Running in the Tide

Tales of Vashon

The winter low tides come at night and in summer, they come at daybreak.  The stronger the pull of the moon, the lower the tide.  They say the tide is running when it’s coming into the harbor at a high rate; when waves appear; running along the beach.

In Murden Cove, where John grew up on Bainbridge Island, the tide came across the hot sand faster than a child could walk and became dangerous when the water became a foot deep, making it hard to run and keep up with the rising water.

“Help, help, I’m sinking,” Brother Mike called from a patch of sand on the Sequim beach that looked like any other “sand” but was really “quicksand” which could swallow you up and never leave a trace.  “Hang on,” I called out while I searched for a long branch or board to rescue him with.  Stepping into quicksand was like trying to walk on a bowl of gravy with no bottom.  Mike was up to his waist in the stuff when I reached out with my branch for him to grab and pulled him to higher ground.

I thought if I kept my head down that I could avoid getting sand up my nose when I knew that my mouth was already full of it and Mom wouldn’t let us in the trailer because our hair would be full of it too.  It started out as a game on the beach like they played “fox and goose” in the old days but that didn’t appeal to us like digging a hole in the sand that was eight feet deep in the middle with sides that sloped up towards the rim and they were still hard to climb; especially if your eyes were full of sand too.  The older and stronger kids did the heavy shoveling to get down that deep and then the fun began.  The object was to join a circle around the top of the hole and a ball that wouldn’t hurt much, unless you got hit; you know where, and it double’s you up with pain.  It happened to me twice and it’s not nice.  I lost the ball down the hole and dove in to retrieve it; while the kids up above and the girls too; pelted me with sand until I was blue in the face.  You had to crawl out of the hole with possession of the ball to determine the next throw.  To an outsider we probably appear like something out of Dungeons and Dragons.  We had to dig a new hole the next day, because one of the parents asked us to fill it because of the danger of someone falling-in it in the night.

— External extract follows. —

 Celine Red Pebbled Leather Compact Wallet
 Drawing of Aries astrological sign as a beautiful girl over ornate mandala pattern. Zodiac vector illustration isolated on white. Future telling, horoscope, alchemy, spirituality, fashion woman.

It’s the possibilities that keep us returning to the beach and beachcombing; or finding things of great value.  Sometimes it was fishing gear or a homebuilt raft and always the promise that there might be something more, further down the beach.

It was going to get dark soon and Mike and I were rowing down the shore which isn’t as good as walking the beach because you can’t see as much.  We were looking for logs or small boats that had washed up on the beach; repaint them and try to get $50 for it.  That only happened once or twice.   Mostly the owners came and picked up their boats and maybe you got a couple of bucks out of it.  If we found a good log, something that Shorty would want, we cut the brand off and Shorty picked it up in his log patrol boat, licensed and all.

Stealing logs from log booms was common until the state decided to license these people who collected logs that had escaped the boom to sell them to the local mills.  Typically, a log patrol boat was a 20 or 30 foot work boat with a small cabin, the state number roughly painted to a sign on the top of the cabin.

We were a couple hundred feet from shore and the night was pitch-black when it rose out of dark and gloom in front of us. “It’s stick’n up 20 feet,” Mike called from the gloom and with that we hit it with a hard glancing blow.  It was a steel smoke stack sticking up out of the tide; we were over the tug; somebody had sunk for the insurance money, years ago.  We had heard the story but had never rowed this part of the beach.  We tied up to the smokestack for the rest of the night.

In the morning, you could see the tug through the dark murky water.  We were waiting for the tide to go out, so we could find some stuff.  “It’s been pretty well picked over,” Mike called from the bow, “Anything that could be unbolted is pretty much gone.”

They later floated the tug with air bags and sold it for scrap.